The government’s motion to supplement the record is granted. Croskey’s pleading error in the district court prevented the government from submitting evidence regarding the Tahoe. See Ortiz v. United States, 664 F.3d 1151, 1164-65 (8th Cir.2011) (acknowledging narrow interest-of-justice exception to general rule that appellate court cannot consider evidence that was not contained in record below); Dakota Indus., Inc. v.

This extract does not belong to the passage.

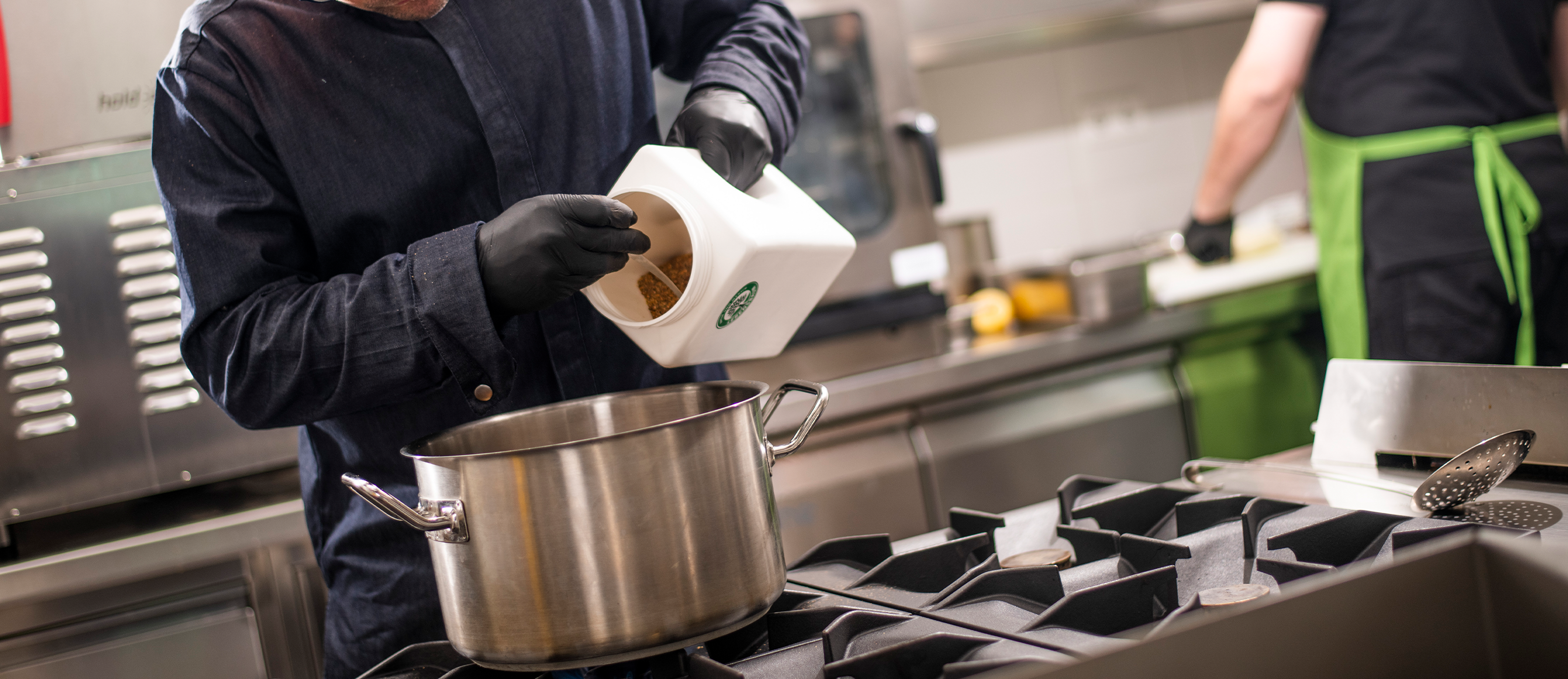 Person schüttet Gewürze aus einer Lebensbaum-Dose in einen großen Kochtopf in einer Profiküche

Dakota Sportswear, Inc., 988 F.2d 61, 63-64 (8th Cir.1993) (considering new evidence submitted on appeal, where appellee’s misrepresentation — will-fill or otherwise — left district court with incomplete factual record, and failure to submit evidence to district court was not due to lack of diligence by appellant).

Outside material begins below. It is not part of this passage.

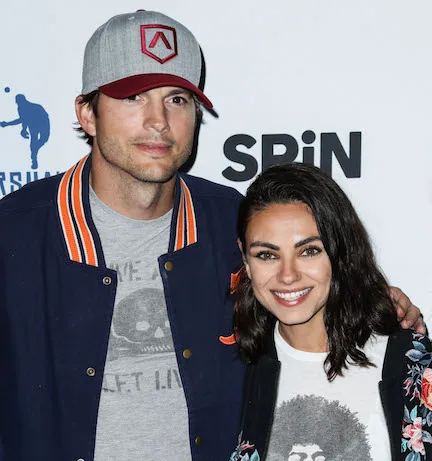 Ashton Kutcher and Mila Kunis together at an event.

This court reviews de novo the district court’s conclusion that Croskey received “proper notice,” see Lobzun, 422 F.3d at 507 (de novo review of whether DEA’s notice procedures complied with due process), and concludes that the government submitted sufficient evidence to show that it took reasonable steps to notify Croskey of the forfeitures, see 18 U.S.C. § 983(e)(1)(B) (providing that motion to set aside forfeiture shall be granted if, inter alia, “the moving party did not know or have reason to know of the seizure within sufficient time to file a timely claim”); Dusenbery, 534 U.S. at 168-73, 122 S.Ct. 694 (due process clause requires government’s notice efforts be reasonably calculated under all circumstances to apprise interested parties of pendency of administrative forfeiture action; actual notice is not required). The government sent notice of the forfeiture of the watches and the Tahoe to Chet Pleban (based on Cros-key’s statement at her initial appearance that she would retain Pleban as counsel, although Pleban only entered an appearance on behalf of Croskey’s co-defendant Kevin White), to White’s residence (for which it appears Croskey signed), and to Croskey’s home and business addresses in Atlanta before her arrest. The government also published notice in the Wall Street Journal of its intended forfeiture of the Tahoe. As to the Challenger, the government sent notices to Croskey’s business address before and after her arrest. During her first trial, when asked why she did not file a claim for the Challenger, Cros-key did not dispute notice of the forfeiture proceedings but instead stated: “I went to Chet Pleban and gave him all the paperwork.” The notice was sufficient.

The judgment is affirmed. 
      
      . The Honorable Jean C. Hamilton, United States District Judge for the Eastern District of Missouri.